---- Input

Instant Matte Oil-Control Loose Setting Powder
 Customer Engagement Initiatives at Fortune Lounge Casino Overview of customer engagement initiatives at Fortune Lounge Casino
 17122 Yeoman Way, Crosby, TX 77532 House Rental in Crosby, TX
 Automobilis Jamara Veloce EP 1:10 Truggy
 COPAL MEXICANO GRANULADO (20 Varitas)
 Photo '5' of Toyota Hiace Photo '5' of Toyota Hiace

--------

[Exercise objective]: Copy out exactly the lines that begin at the one with "Automobilis Jamara Veloce EP 1:10 Truggy" and end at the close of the material above; nothing else belongs in the answer.

[Worked solution]:
 Automobilis Jamara Veloce EP 1:10 Truggy
 COPAL MEXICANO GRANULADO (20 Varitas)
 Photo '5' of Toyota Hiace Photo '5' of Toyota Hiace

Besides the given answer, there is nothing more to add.